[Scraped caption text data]
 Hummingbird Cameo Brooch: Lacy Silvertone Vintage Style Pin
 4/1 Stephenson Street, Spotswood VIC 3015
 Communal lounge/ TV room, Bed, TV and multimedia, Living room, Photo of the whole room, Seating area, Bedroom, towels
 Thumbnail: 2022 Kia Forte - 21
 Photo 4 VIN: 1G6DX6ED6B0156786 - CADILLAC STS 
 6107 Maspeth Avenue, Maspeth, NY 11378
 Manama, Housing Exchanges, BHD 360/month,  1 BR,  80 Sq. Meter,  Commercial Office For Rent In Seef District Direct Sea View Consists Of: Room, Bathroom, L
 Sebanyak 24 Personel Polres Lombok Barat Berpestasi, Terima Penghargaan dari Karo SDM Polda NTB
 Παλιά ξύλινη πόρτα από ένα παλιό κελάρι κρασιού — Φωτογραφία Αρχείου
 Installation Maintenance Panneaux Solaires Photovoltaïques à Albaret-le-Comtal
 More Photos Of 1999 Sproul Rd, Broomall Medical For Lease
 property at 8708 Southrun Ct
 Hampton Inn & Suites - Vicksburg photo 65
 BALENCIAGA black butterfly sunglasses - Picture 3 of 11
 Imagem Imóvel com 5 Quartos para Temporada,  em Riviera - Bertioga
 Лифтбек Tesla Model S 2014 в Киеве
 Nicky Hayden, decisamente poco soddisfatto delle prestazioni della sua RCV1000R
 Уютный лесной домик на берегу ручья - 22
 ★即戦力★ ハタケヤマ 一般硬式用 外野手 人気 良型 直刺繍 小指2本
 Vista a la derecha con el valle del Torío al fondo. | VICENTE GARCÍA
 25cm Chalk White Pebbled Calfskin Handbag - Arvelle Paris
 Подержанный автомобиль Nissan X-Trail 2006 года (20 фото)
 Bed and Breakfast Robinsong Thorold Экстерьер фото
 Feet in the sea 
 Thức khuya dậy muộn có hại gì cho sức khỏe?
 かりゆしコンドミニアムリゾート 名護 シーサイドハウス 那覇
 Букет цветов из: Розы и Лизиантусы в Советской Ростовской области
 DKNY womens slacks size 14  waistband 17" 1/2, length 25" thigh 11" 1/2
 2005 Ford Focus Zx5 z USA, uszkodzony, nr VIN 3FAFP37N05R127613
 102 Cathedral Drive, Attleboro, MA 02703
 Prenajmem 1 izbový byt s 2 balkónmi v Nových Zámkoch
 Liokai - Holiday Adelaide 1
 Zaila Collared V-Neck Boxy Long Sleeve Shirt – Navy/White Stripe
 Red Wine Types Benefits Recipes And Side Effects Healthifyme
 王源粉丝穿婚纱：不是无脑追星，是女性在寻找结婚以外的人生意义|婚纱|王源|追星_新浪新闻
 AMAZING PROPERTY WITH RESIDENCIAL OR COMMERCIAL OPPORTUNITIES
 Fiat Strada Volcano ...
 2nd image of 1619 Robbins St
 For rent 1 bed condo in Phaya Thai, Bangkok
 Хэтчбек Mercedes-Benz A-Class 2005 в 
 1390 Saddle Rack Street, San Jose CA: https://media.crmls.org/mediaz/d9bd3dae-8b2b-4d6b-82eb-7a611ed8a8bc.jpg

▸ **Task requirements**
Where does the word "Street" appear in the records above? Return every line that holds it.

▸ **Solution to this problem**
 4/1 Stephenson Street, Spotswood VIC 3015
 1390 Saddle Rack Street, San Jose CA: https://media.crmls.org/mediaz/d9bd3dae-8b2b-4d6b-82eb-7a611ed8a8bc.jpg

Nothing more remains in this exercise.